Muddy Waters

By Connor Walters

Photo provided by the State of Vermont.

Make no mistake, the waters of the Great Hosmer Pond are beautiful. The home of Craftsbury Outdoor Center’s many sculling programs, the pond hosts scores of scullers each year, including national team and Olympic-level athletes.

But some residents along the two-mile-long body of water in northern Vermont say that having scullers makes it impossible for power boaters to use the lake as they have for generations. That’s where things get muddy.

Currently, Craftsbury already voluntarily restricts when its rowers can go out and has designated weekends when it will not host programming on the water. They have cut back on the number of participants they accept to their sculling camps, which already have a waitlist annually, in order to limit the number of people on the water.

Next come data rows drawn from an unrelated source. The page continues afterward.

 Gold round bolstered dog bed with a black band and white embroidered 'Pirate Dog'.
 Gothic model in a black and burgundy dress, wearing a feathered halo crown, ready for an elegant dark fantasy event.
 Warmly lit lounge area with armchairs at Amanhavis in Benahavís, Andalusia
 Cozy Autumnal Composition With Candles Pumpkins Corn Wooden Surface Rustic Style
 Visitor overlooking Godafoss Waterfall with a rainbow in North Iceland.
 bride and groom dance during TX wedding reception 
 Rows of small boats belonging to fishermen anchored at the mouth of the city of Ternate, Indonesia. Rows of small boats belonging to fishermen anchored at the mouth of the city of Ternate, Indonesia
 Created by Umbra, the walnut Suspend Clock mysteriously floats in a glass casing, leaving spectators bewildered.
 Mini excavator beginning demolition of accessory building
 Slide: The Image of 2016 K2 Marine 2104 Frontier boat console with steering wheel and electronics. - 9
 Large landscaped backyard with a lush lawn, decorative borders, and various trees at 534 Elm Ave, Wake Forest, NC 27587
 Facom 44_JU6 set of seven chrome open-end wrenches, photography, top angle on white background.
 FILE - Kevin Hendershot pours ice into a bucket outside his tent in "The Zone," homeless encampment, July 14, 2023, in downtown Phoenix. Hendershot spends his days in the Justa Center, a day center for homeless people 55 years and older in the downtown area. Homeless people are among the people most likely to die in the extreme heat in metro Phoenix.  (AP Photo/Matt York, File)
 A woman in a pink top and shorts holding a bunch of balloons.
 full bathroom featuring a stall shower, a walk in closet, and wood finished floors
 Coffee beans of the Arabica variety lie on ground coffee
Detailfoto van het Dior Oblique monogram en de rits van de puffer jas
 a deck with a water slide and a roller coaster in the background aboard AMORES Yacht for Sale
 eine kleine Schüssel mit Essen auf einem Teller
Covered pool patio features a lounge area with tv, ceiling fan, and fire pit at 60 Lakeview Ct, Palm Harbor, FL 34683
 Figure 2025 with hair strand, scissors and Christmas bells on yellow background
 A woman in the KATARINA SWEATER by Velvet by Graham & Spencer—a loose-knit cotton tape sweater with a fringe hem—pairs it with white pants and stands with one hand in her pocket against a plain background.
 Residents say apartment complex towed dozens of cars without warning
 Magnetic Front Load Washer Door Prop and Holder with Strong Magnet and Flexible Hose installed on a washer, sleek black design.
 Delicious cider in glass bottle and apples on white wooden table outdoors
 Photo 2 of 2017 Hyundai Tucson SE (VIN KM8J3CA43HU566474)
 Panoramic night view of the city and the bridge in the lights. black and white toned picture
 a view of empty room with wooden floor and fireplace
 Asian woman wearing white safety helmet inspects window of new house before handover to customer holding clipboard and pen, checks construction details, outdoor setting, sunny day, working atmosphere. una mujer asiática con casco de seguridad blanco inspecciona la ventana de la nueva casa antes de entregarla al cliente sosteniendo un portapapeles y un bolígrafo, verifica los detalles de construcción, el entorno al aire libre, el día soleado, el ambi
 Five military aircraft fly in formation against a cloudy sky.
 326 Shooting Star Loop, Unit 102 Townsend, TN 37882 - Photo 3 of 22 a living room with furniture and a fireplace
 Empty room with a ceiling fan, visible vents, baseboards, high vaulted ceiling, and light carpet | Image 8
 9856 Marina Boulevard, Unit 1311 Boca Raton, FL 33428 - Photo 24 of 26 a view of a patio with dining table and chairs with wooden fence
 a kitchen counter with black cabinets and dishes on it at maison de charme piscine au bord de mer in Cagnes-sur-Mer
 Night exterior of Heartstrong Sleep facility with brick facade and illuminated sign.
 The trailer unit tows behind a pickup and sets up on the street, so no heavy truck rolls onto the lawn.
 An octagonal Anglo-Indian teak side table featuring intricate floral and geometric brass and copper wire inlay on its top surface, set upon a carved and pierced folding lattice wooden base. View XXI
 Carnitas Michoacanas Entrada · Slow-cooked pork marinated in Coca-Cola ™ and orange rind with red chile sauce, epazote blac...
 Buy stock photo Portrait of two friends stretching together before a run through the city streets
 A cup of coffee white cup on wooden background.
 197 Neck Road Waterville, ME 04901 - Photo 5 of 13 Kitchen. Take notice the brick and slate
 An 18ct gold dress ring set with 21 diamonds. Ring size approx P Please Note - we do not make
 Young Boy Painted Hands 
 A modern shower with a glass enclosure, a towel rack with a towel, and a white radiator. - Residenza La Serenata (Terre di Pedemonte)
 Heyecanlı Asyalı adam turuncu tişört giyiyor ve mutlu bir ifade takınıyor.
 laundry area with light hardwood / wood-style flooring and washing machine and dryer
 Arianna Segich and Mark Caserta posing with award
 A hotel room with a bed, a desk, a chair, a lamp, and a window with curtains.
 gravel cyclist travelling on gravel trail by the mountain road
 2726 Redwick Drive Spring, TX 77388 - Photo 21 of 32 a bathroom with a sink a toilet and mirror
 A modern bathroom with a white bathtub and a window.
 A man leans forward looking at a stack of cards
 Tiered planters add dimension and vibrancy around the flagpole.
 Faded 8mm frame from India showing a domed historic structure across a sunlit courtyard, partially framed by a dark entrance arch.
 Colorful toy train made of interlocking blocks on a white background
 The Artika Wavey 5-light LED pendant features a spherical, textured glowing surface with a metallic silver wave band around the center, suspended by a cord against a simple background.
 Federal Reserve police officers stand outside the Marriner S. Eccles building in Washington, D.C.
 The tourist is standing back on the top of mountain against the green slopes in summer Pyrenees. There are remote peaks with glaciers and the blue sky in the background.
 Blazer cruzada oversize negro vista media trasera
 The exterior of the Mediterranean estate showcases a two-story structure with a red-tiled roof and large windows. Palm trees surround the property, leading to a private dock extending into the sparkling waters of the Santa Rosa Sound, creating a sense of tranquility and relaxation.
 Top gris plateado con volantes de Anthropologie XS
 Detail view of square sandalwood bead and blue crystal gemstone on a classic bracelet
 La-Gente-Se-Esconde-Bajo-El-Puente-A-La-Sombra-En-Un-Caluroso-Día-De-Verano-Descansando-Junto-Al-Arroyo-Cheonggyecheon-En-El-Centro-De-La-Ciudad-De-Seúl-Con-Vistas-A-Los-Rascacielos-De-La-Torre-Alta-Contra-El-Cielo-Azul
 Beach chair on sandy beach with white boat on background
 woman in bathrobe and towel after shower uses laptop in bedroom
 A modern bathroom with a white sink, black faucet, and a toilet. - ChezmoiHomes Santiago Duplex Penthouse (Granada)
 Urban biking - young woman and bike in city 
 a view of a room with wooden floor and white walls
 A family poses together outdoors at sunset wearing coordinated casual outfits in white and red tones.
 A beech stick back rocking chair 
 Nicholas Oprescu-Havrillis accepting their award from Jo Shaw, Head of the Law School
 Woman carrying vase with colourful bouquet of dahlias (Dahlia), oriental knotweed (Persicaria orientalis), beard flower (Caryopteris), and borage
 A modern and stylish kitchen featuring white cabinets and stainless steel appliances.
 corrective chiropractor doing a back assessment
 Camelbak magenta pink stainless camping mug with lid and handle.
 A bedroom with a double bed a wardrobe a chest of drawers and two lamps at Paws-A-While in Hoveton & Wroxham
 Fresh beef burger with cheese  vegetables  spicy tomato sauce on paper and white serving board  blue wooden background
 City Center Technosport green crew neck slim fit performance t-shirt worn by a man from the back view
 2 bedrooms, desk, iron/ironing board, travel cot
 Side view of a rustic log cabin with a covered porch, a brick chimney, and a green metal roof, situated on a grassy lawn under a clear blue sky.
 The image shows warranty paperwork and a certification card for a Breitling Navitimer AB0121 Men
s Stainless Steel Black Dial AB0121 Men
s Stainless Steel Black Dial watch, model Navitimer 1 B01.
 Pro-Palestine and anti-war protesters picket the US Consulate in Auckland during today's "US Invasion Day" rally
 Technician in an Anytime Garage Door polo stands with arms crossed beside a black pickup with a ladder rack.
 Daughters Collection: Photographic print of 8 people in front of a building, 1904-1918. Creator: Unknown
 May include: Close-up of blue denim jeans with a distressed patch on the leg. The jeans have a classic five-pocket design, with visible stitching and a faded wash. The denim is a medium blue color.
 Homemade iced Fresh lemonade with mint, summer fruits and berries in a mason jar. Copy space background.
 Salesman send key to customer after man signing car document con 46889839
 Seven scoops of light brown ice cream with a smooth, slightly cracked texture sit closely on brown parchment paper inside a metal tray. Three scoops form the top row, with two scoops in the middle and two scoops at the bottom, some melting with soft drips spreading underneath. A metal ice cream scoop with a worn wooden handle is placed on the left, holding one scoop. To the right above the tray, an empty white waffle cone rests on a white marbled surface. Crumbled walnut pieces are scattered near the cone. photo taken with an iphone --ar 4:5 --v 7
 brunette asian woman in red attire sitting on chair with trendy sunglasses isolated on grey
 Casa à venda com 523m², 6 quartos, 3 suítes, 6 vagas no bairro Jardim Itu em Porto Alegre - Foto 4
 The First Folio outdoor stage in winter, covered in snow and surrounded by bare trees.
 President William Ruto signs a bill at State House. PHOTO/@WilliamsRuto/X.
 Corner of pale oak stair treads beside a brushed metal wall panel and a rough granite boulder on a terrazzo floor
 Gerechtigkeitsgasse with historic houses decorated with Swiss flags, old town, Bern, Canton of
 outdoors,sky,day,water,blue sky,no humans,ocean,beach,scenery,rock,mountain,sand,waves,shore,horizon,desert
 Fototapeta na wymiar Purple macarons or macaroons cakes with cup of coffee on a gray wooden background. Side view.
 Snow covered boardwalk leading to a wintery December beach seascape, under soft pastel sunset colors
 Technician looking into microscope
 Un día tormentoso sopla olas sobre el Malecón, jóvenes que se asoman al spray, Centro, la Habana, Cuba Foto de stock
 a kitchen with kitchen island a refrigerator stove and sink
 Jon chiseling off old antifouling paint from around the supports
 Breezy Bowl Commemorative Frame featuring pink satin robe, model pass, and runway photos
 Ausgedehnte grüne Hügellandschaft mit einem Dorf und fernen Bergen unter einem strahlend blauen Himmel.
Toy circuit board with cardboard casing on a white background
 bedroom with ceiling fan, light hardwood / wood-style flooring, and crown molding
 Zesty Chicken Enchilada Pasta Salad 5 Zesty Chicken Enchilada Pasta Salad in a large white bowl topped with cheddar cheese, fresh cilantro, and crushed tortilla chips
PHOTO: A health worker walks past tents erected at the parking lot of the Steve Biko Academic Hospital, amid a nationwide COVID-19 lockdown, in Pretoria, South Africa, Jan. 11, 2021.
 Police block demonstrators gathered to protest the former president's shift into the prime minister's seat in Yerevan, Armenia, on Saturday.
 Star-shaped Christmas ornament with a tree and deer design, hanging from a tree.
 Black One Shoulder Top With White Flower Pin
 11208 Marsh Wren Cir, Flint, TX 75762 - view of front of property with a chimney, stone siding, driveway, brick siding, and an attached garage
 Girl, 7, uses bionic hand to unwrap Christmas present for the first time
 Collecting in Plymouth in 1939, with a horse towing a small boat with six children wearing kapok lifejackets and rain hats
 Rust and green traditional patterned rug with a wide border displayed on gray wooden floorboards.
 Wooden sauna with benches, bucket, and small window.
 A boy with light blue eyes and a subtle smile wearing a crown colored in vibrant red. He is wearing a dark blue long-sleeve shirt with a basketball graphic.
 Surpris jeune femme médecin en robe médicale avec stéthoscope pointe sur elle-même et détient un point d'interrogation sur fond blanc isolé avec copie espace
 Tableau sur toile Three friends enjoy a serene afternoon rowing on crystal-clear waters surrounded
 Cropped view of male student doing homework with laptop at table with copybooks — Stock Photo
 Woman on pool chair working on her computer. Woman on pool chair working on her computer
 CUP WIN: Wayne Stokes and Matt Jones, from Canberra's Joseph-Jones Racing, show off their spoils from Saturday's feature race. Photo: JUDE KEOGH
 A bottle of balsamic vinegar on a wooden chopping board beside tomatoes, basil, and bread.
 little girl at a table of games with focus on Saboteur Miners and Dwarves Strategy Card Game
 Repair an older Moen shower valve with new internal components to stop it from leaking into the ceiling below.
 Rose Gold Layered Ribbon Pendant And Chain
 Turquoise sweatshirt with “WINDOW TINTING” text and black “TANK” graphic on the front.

Per Vermont law, however, high-speed boating is restricted on bodies of water of a certain size, which would normally include Great Hosmer Pond. Yet the lake has been grandfathered in as families have boated there for decades.

Now a proposed state rule would limit the hours when scullers could use the lake. Ironically, the limitations are less than what Craftsbury already self-imposes. For Judy Geer, who owns the nonprofit center with husband Dick Dreissigacker, implementing a rule could set a dangerous precedent for human-powered craft.

“I’d really like to see us all come to the middle and say, ‘This is sharing. It’s not always easy,’” she said. “The rule isn’t going to help. Let’s move on.”

Locals say existing rules for boating on the lake aren’t already being enforced, raising questions about the effectiveness of a new one. Motorboats are allowed to use the lake, but not at high speeds while scullers, kayakers, and others are nearby.

According to the draft rule proposed, “Use of racing shells and rowing sculls is prohibited on the pond between the hours of 1 p.m. and 4 p.m., and the hours of 7 p.m. and sunrise,” from spring through late summer. If passed, it would become the first rule in the state to restrict human-powered boat activity.